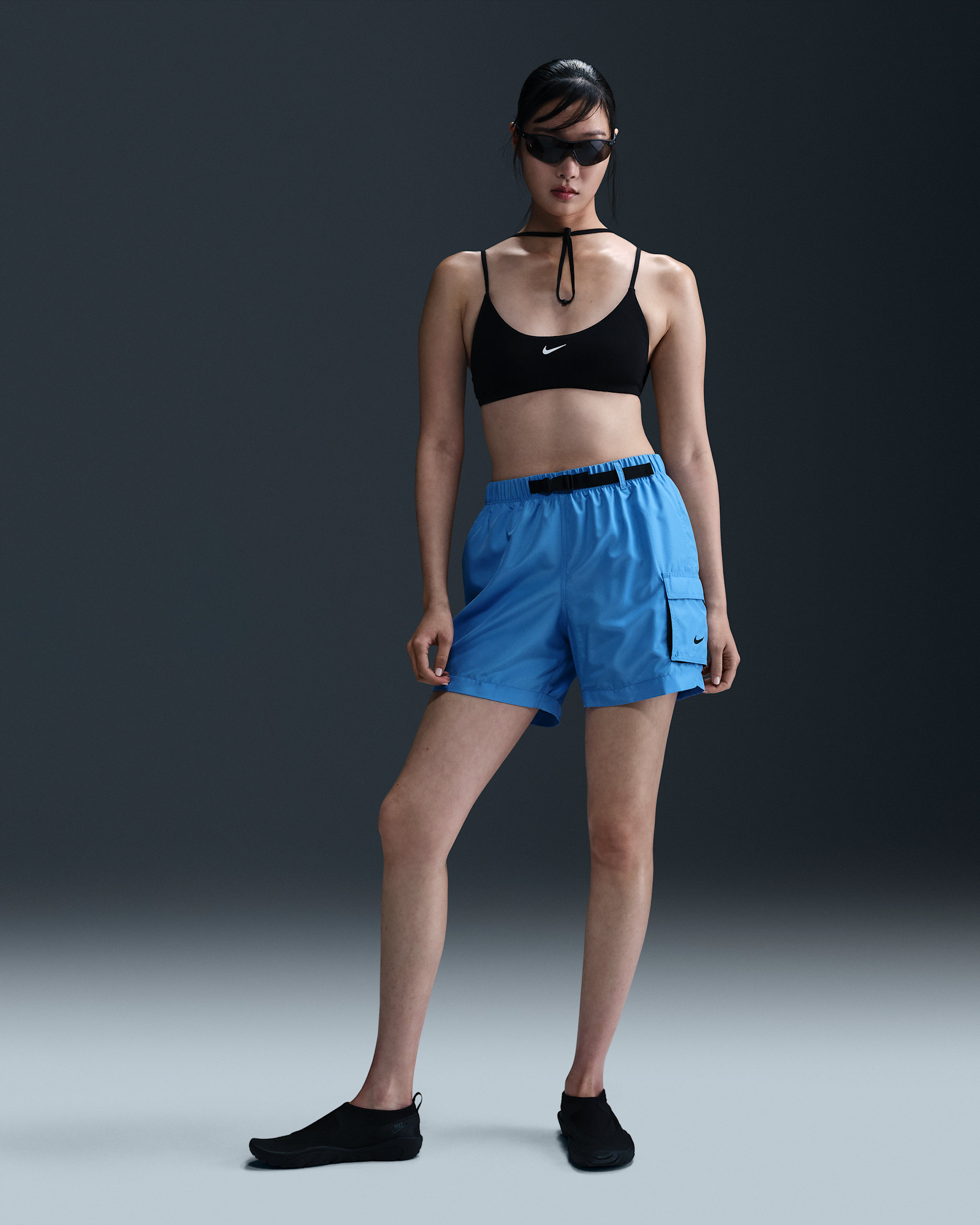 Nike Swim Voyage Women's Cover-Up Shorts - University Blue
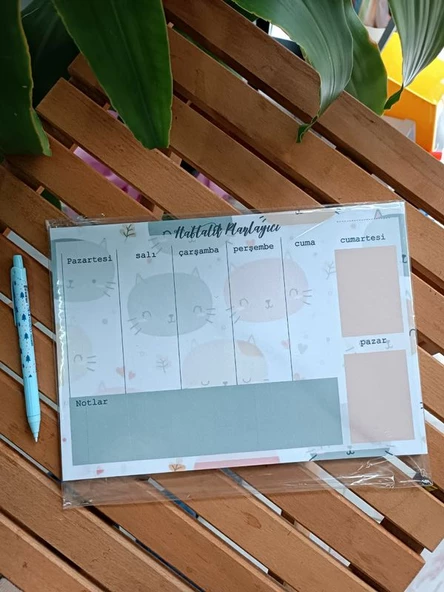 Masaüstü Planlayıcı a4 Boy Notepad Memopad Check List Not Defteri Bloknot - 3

==============================

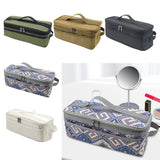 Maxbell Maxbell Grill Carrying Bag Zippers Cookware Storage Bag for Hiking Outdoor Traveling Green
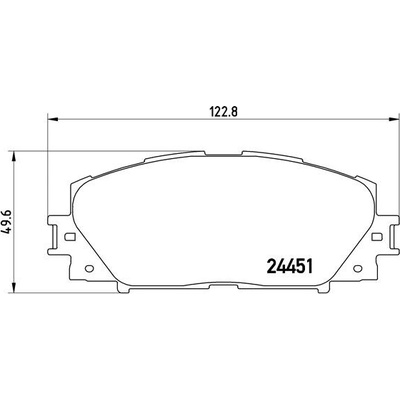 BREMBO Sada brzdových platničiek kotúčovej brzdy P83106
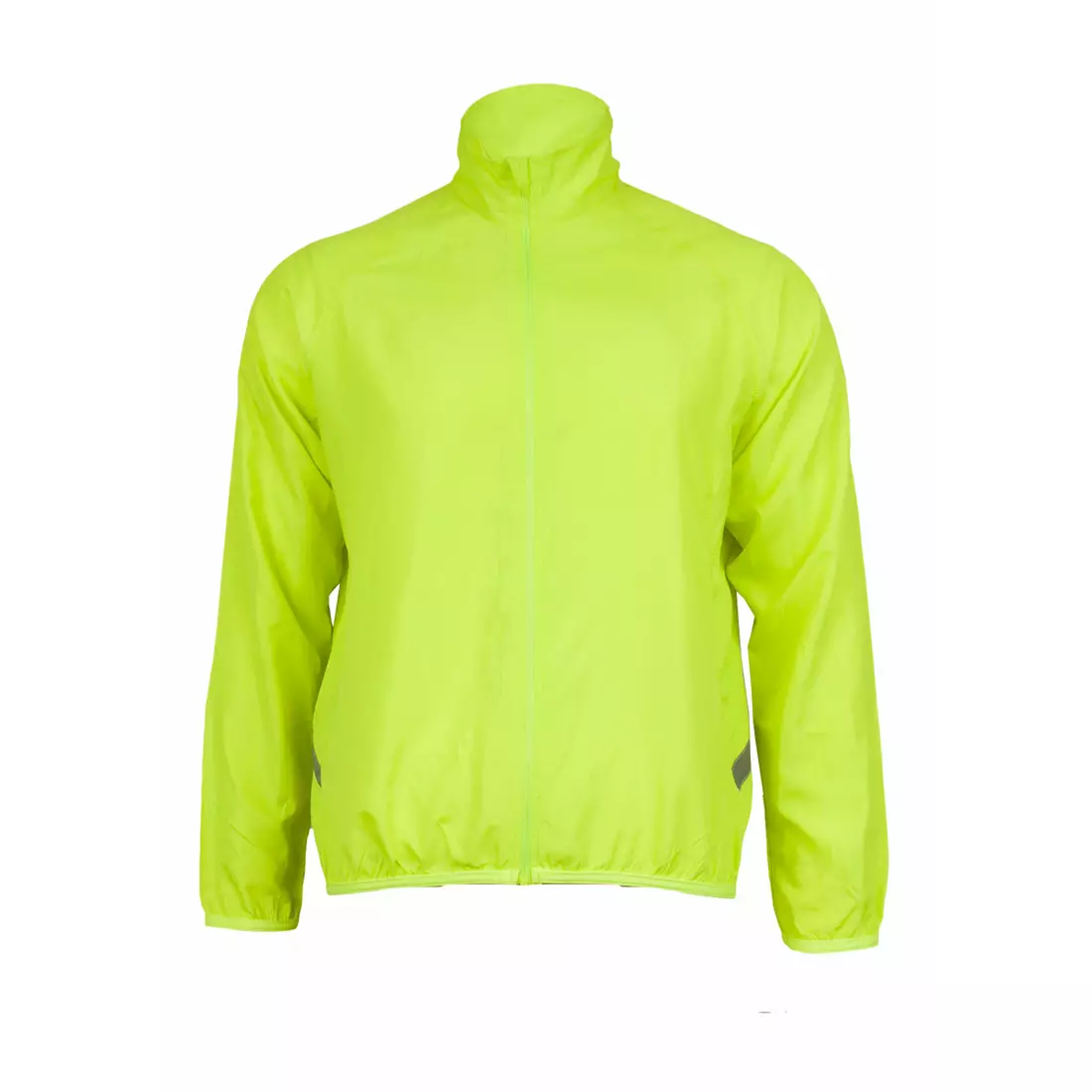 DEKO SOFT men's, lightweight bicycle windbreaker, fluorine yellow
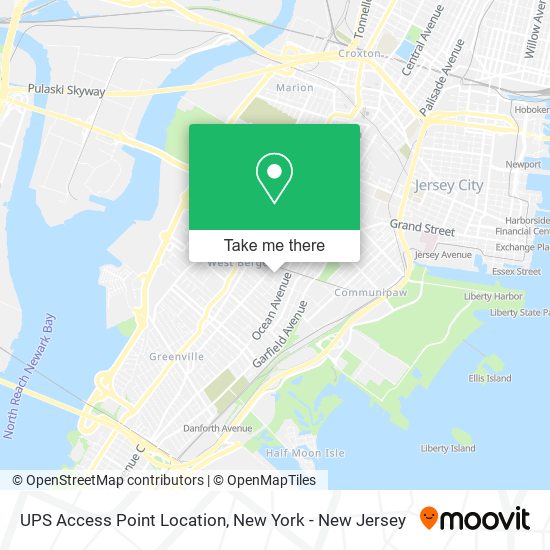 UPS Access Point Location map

==============================

— Task item —
In the listing above, find the line with "Maxbell Maxbell Grill" and output every line through the one with "UPS Access Point Location map", exactly, without the pictures.

— Exercise answer —
 Maxbell Maxbell Grill Carrying Bag Zippers Cookware Storage Bag for Hiking Outdoor Traveling Green
 BREMBO Sada brzdových platničiek kotúčovej brzdy P83106
 DEKO SOFT men's, lightweight bicycle windbreaker, fluorine yellow
 UPS Access Point Location map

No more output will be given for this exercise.